However, reading about the issue online in blogs/news sources/etc, it had been stated multiple times by multiple sources, that when Amazon was charging $9.99 for new ebooks, it was selling them at a loss and publishers were being paid some amount which was higher than the selling price and additionally was the amount they had requested (I don't recall anything comparing it to hardback costs, probably because no one had those numbers and Amazon wasn't telling).
The reasoning provided was that Amazon wanted to become the primary source of ebooks and were able to support the Kindle division with profits from the ebook division.
If publishers had simply been losing money on ebooks, they could have renegotiated their contracts with Amazon. After all, by instituting Agency pricing they _did_ rewrite their contracts with almost no warning at all.
Perhaps if publishers had increased the amount they asked Amazon to pay, it would have put more pressure on Amazon to increase prices themselves (it might have been harder to justify the losses).
I don't think anyone reported Agency pricing was put into place because publishers were losing money on ebook sales (vs. hardback sales). Agency pricing was supposedly put into place because publishers were worried about the future "perceived" value of ebooks. If everyone expected to pay $9.99 for a freshly published ebook, they'd scream at the price increasing sharply in the future to bring them in line with hardback prices.
Shifting back to the "now" of things, that prediction was certainly correct. People _do_ resent being asked to pay hardback prices for ebooks. Now, I don't think anyone is saying Amazon is taking a loss on ebooks, in fact, one of the stated purposes of the Agency model was to force Amazon to make a profit on ebooks (by not allowing them to discount).
All of that aside for a bit, the publishers have spent the last 25+ years convincing the reading public that hardcover books justified sharply increasing book prices. When paper supplies were costly, book prices went up. Ink prices went up -> so did books. Etc. Etc.
Now, having spent all this time convincing us that we should feel obligated to pay more for hardcovers, when there's a popular medium involving none of these costs and people look for a corresponding discount on book prices, they magically have become only 15% (or so, varying by source) of the cost of a book.
I personally think the issue is that publishers controlled the distribution channels of books (just as record companies controlled the distribution of music, and the studios controlled the distribution of movies).
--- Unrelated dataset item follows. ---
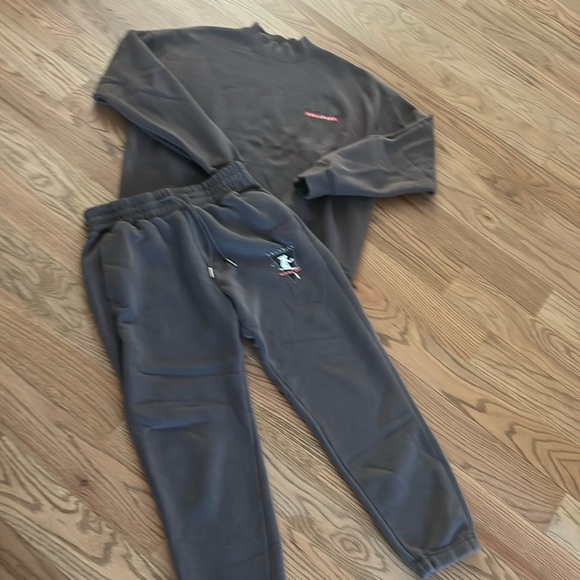 Abercrombie & Fitch Sweatsuit set, sweatshirt Large, pants small Aspen Ski - Picture 1 of 7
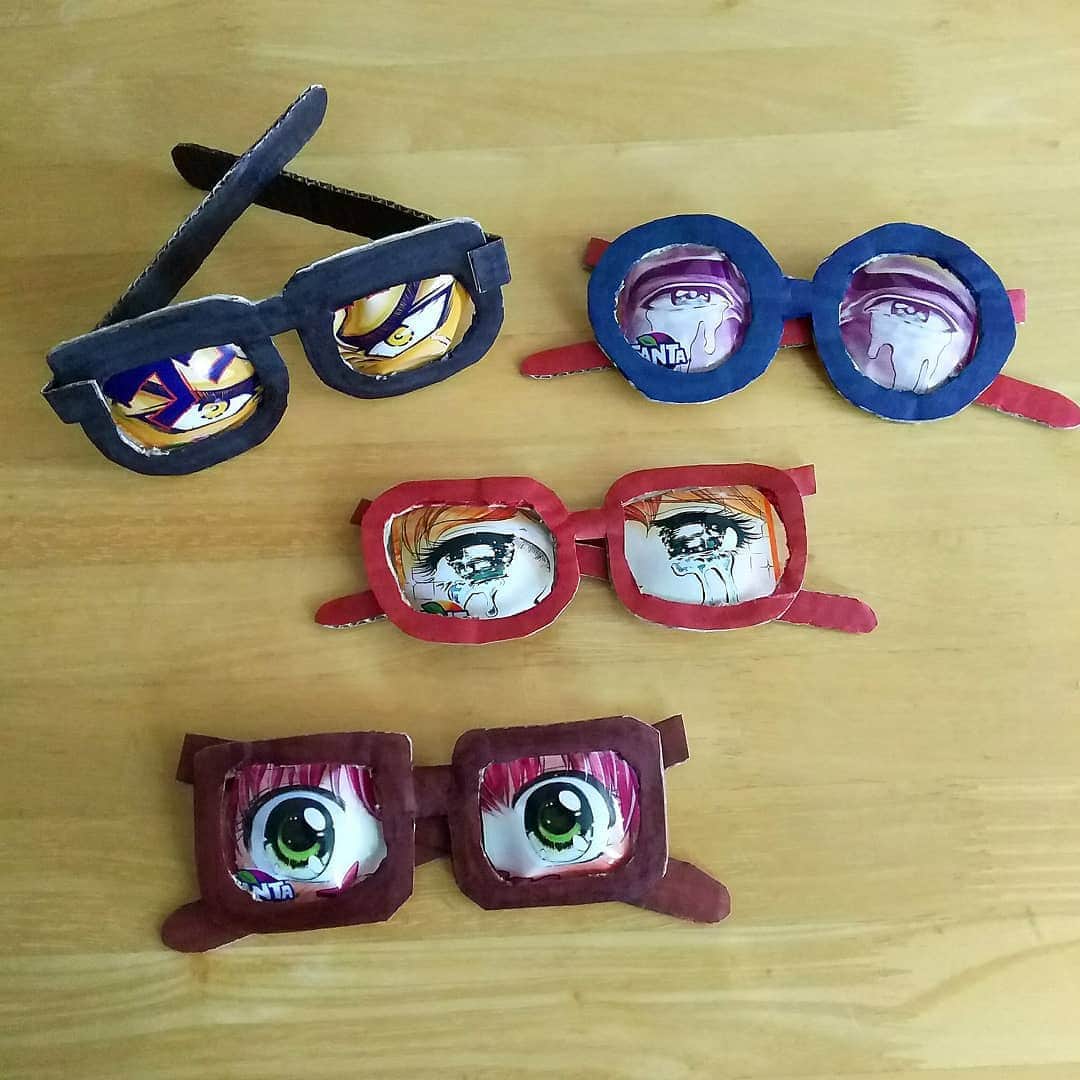 sweet_strawberryさんのインスタグラム写真 - (sweet_strawberryInstagram)「👁️ 👁️【#変顔ボトル 】で【#おもしろメガネ 】作った👓 🍊🍇ファンタの変顔パッケージを切り取って、ダンボールで伊達メガネ👓を作りました✂️ #ファンタ坂学園#変顔#伊達メガネ#伊達眼鏡#サングラス#眼鏡#お面#変身#仮装 #自作#手作り雑貨#ハンドメイド小物#手作りアクセサリー#紙#ダンボール#クラフト#ペーパークラフト#工作#図工#夏休みの工作#アイデア」8月8日 17時42分 - sweet_strawberry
During the past 20-25 years, there has been increasing global communication and prosperity (thank you Internet!), and that led to increasing profits. However, (a) the profitability joyride is over and (b) content creators can distribute their content on their own (thank you again, Internet!)
So now book publishers are scrambling around in fear, trying to stay in business any way they can.
The thing is, I don't feel sorry for them. No one feels sorry for me taking a total of $10/hour in systematic pay cuts over the past 10 years (that is, I was making $10 more per hour a decade ago, doing nearly the same job). I've had to do this because the I.T. market collapsed and if I want to have a steady job that lets me feed my family, I have to be realistic about what I can expect to get paid. I don't say this to be self-pitying, it's just a simple reality. I used to expect to get paid much more than I expect to be paid today. Globalization has brought costs down, and pay down as well.
If they want to distribute other peoples content, publishers *have* to be willing to accept cuts, and probably much sharper ones than I've experienced. Distribution of products _EXCEPT IN THE CASE OF MONOPOLIES_ is always a cut-throat business.
Agency pricing is just delaying the inevitable.